→ **SUPPLIED MATERIAL**

┌──

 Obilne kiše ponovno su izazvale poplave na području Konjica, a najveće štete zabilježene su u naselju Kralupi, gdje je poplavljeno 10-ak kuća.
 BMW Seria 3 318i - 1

└──
┌──

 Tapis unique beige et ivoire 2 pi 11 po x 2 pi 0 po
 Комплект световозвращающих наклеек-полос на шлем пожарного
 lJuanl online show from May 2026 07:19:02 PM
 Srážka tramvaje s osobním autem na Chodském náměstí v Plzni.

└──
┌──

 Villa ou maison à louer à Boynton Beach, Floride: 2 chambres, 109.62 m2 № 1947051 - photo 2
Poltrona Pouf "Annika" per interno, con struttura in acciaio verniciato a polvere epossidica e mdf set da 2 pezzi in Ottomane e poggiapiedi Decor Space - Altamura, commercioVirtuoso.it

└──

→ **WHAT THE TASK REQUIRES**
All that belongs in your answer is the stretch of entries above from the line with "Obilne kiše ponovno" through the line with "BMW Seria 3 318i - 1", printed exactly.

→ **RESPONSE AREA**
 Obilne kiše ponovno su izazvale poplave na području Konjica, a najveće štete zabilježene su u naselju Kralupi, gdje je poplavljeno 10-ak kuća.
 BMW Seria 3 318i - 1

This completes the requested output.